Exercise data:
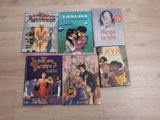 several children ' s books are lined up on a wooden floor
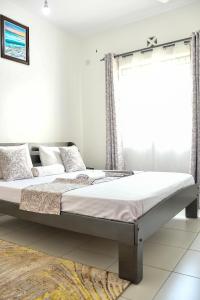 two beds in a bedroom with a window at Buxton Point Mombasa in Mombasa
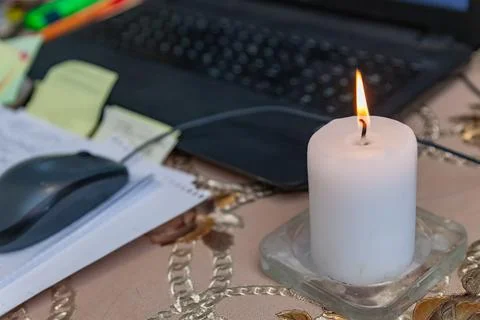 A lighted white candle, a computer mouse, writing sheets, the edge of a lapto Stock Photos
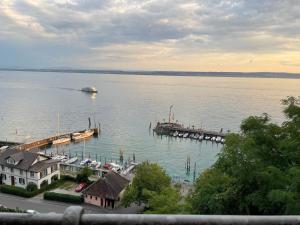 uma grande massa de água com uma doca e um barco em Ferienwohnung Urban - AHORN -- Meersburg em Meersburg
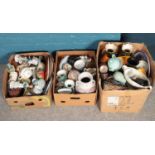 Three boxes of miscellaneous. Including large ceramic blue & white charger, large decorative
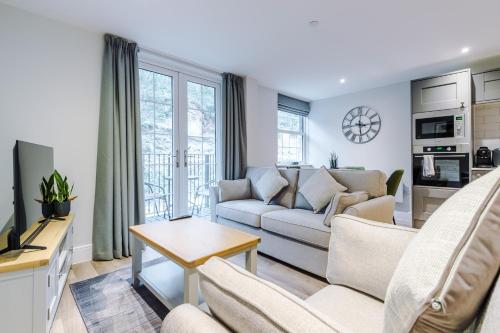 a living room with a couch and a table at Rock Mill - Deluxe Holiday Apartments in Stoney Middleton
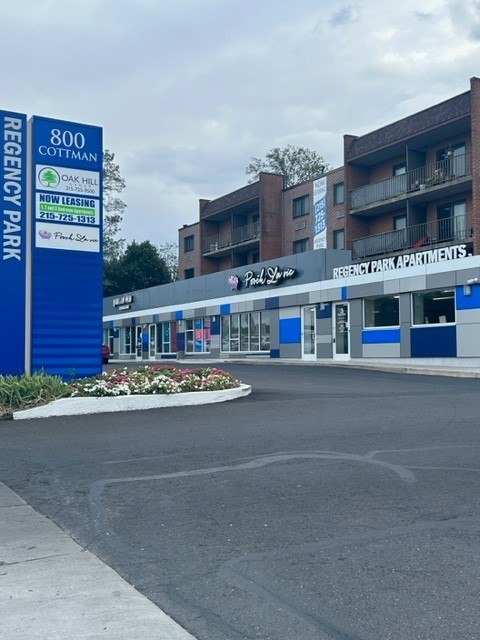 a hospital with an empty street in front of a building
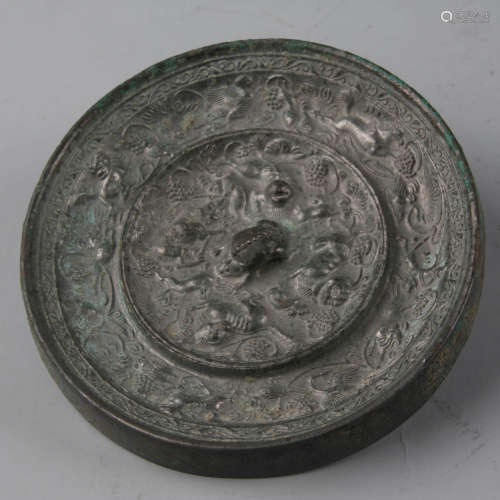 A bronze grapevine and sea-beast circular mirror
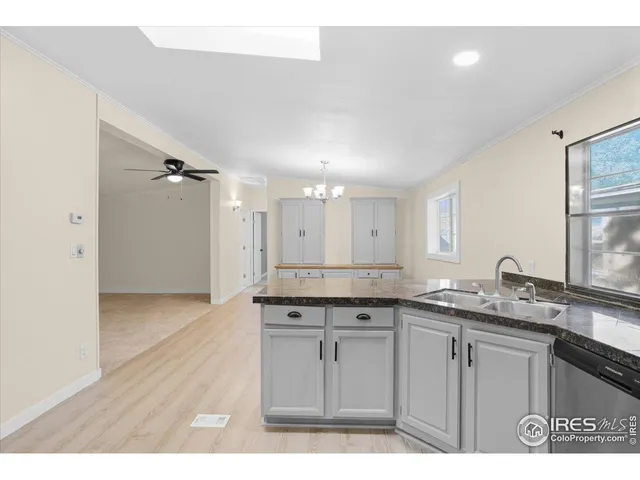 a kitchen with a sink dishwasher a refrigerator and white cabinets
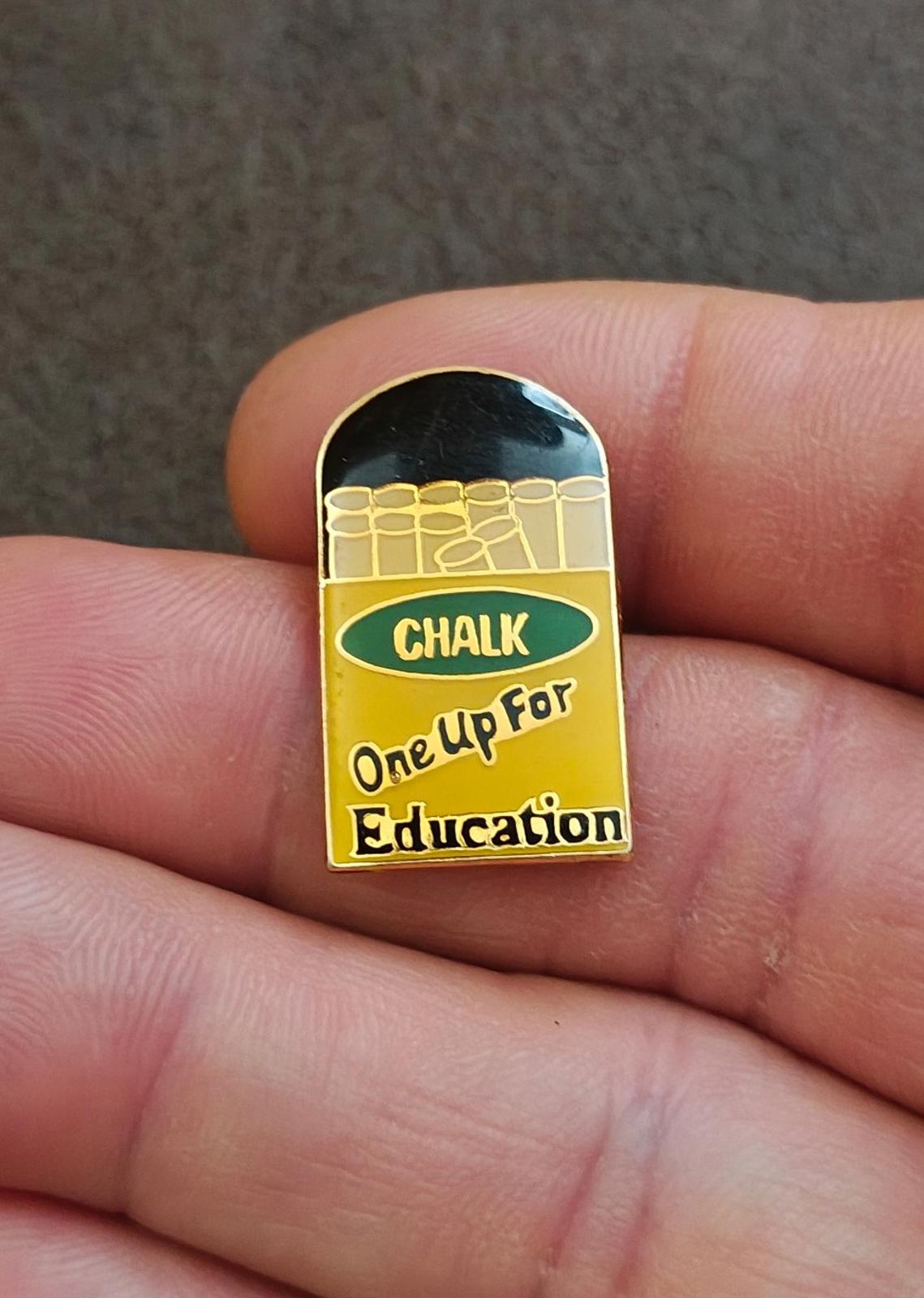 Gold-tone enamel teacher pin front on hand, glossy black top and chalkboard message
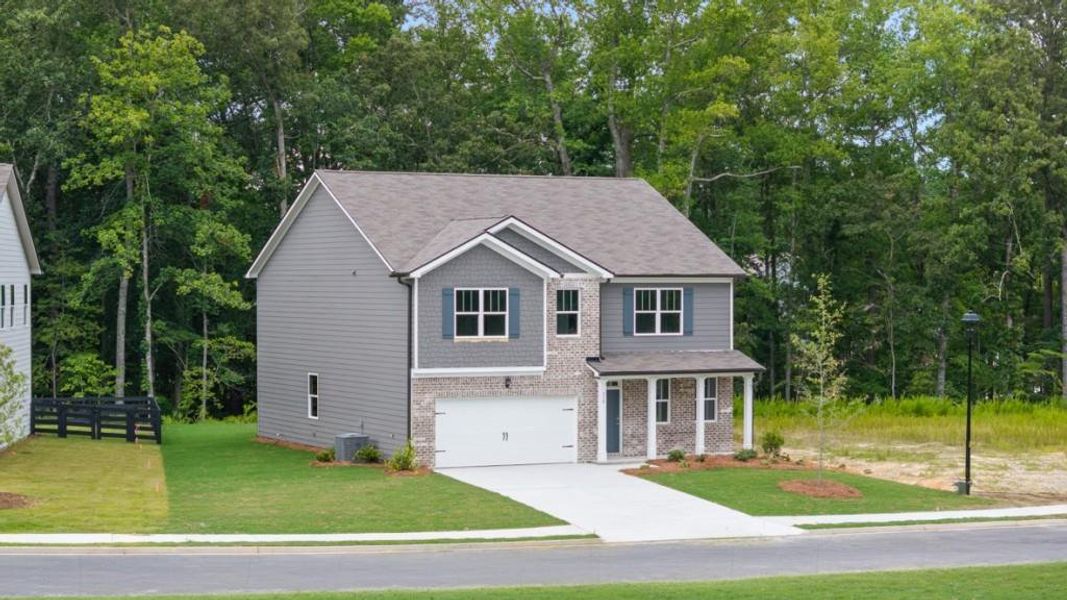 Front exterior of a new home in Northwoods at Mirror Lake, Villa Rica, GA, highlighting curb appeal (Image 2). Front exterior of a new home in Northwoods at Mirror Lake, Villa Rica, GA, highlighting curb appeal (Image 2).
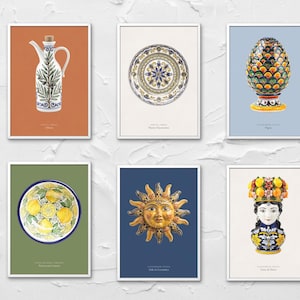 May include: Six framed art prints featuring Italian pottery designs. The prints showcase a decorative olive oil cruet, a ceramic plate, a pineapple-shaped vase, a plate with lemons, a sun face, and a decorative head vase.
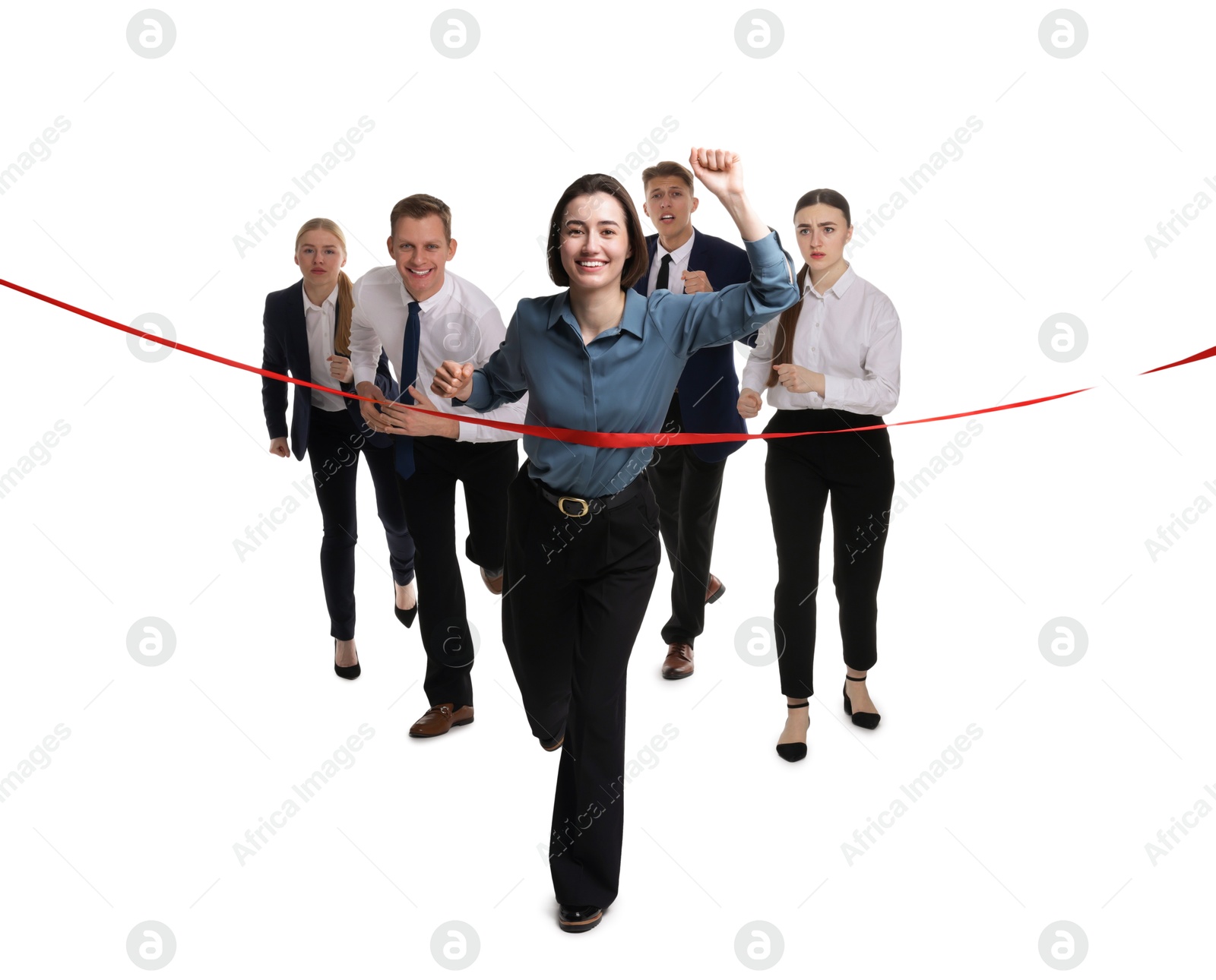 Photo of Competition concept. Happy businesswoman crossing red finish line ahead of her colleagues on white background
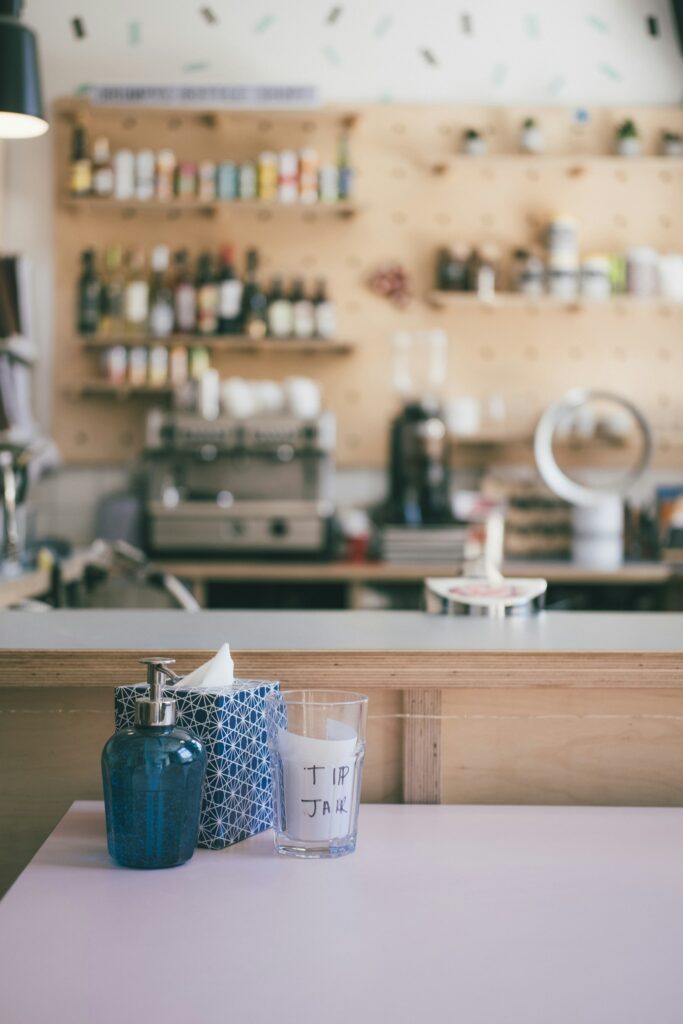 Blue ceramic soap dispenser with a blue tissue and glass with a tip jar label on it on brown wooden table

Exercise prompt:
The lines to repeat run from the line containing "uma grande massa" through the last line of the material above; give them exactly, without the pictures.

Solution to the exercise:
 uma grande massa de água com uma doca e um barco em Ferienwohnung Urban - AHORN -- Meersburg em Meersburg
 Three boxes of miscellaneous. Including large ceramic blue & white charger, large decorative
 a living room with a couch and a table at Rock Mill - Deluxe Holiday Apartments in Stoney Middleton
 a hospital with an empty street in front of a building
 A bronze grapevine and sea-beast circular mirror
 a kitchen with a sink dishwasher a refrigerator and white cabinets
 Gold-tone enamel teacher pin front on hand, glossy black top and chalkboard message
 Front exterior of a new home in Northwoods at Mirror Lake, Villa Rica, GA, highlighting curb appeal (Image 2). Front exterior of a new home in Northwoods at Mirror Lake, Villa Rica, GA, highlighting curb appeal (Image 2).
 May include: Six framed art prints featuring Italian pottery designs. The prints showcase a decorative olive oil cruet, a ceramic plate, a pineapple-shaped vase, a plate with lemons, a sun face, and a decorative head vase.
 Photo of Competition concept. Happy businesswoman crossing red finish line ahead of her colleagues on white background
 Blue ceramic soap dispenser with a blue tissue and glass with a tip jar label on it on brown wooden table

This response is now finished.